[Start of section]
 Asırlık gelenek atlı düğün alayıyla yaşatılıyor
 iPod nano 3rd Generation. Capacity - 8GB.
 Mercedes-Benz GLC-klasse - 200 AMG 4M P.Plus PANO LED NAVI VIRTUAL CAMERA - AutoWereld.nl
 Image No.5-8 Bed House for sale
[End of section]
[Start of section]
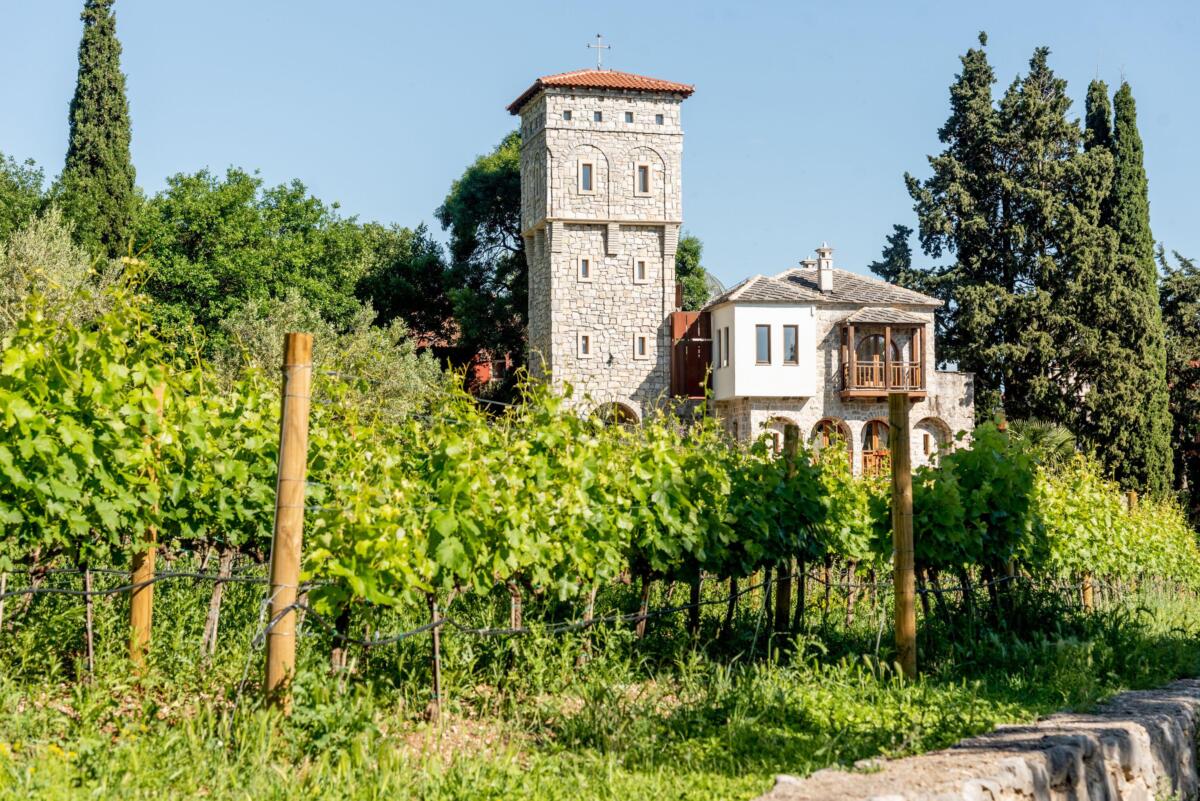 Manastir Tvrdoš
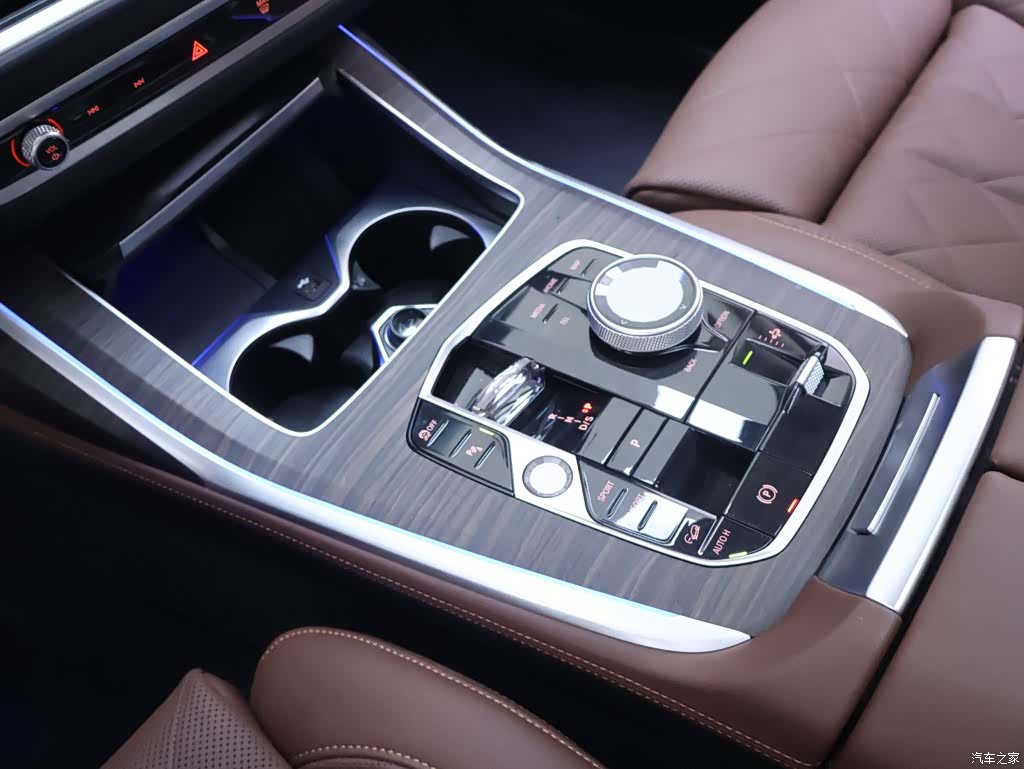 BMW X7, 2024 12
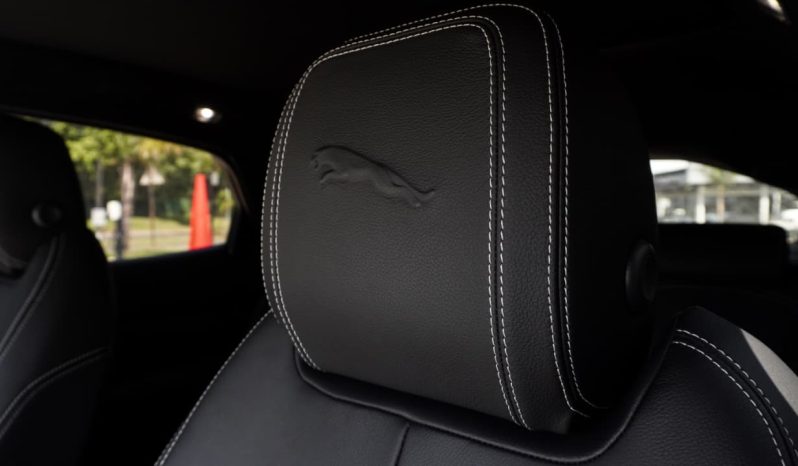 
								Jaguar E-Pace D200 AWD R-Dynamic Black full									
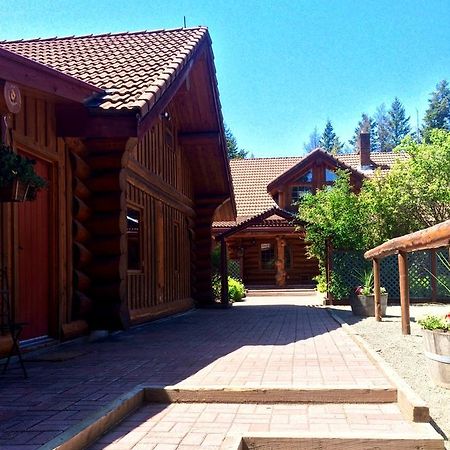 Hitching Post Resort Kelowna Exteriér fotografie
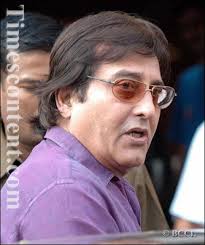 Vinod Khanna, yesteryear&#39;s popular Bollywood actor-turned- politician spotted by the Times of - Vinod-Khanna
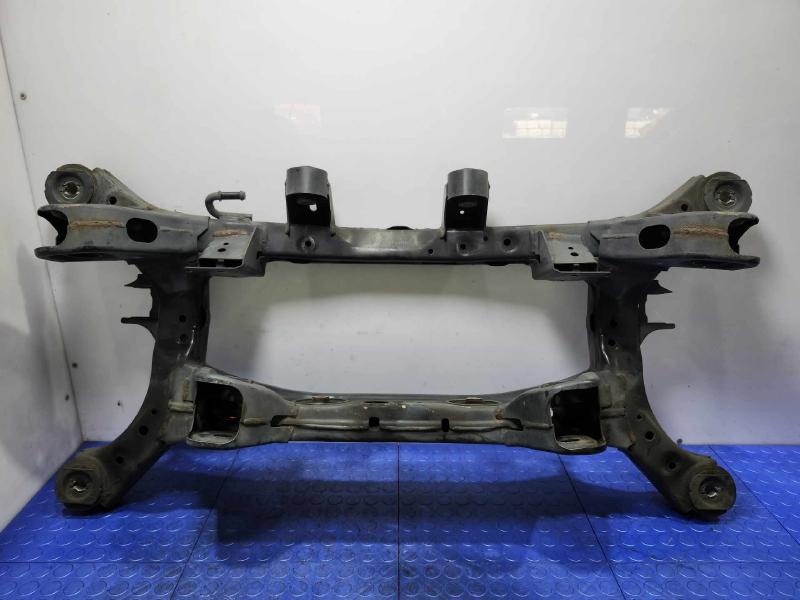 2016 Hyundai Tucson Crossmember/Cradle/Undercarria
[End of section]
Set down, exactly as they stand above, the lines starting with the line with "Asırlık gelenek atlı" and going on through the line with "Image No.5-8 Bed House for sale", and no others.

*Task result:*
 Asırlık gelenek atlı düğün alayıyla yaşatılıyor
 iPod nano 3rd Generation. Capacity - 8GB.
 Mercedes-Benz GLC-klasse - 200 AMG 4M P.Plus PANO LED NAVI VIRTUAL CAMERA - AutoWereld.nl
 Image No.5-8 Bed House for sale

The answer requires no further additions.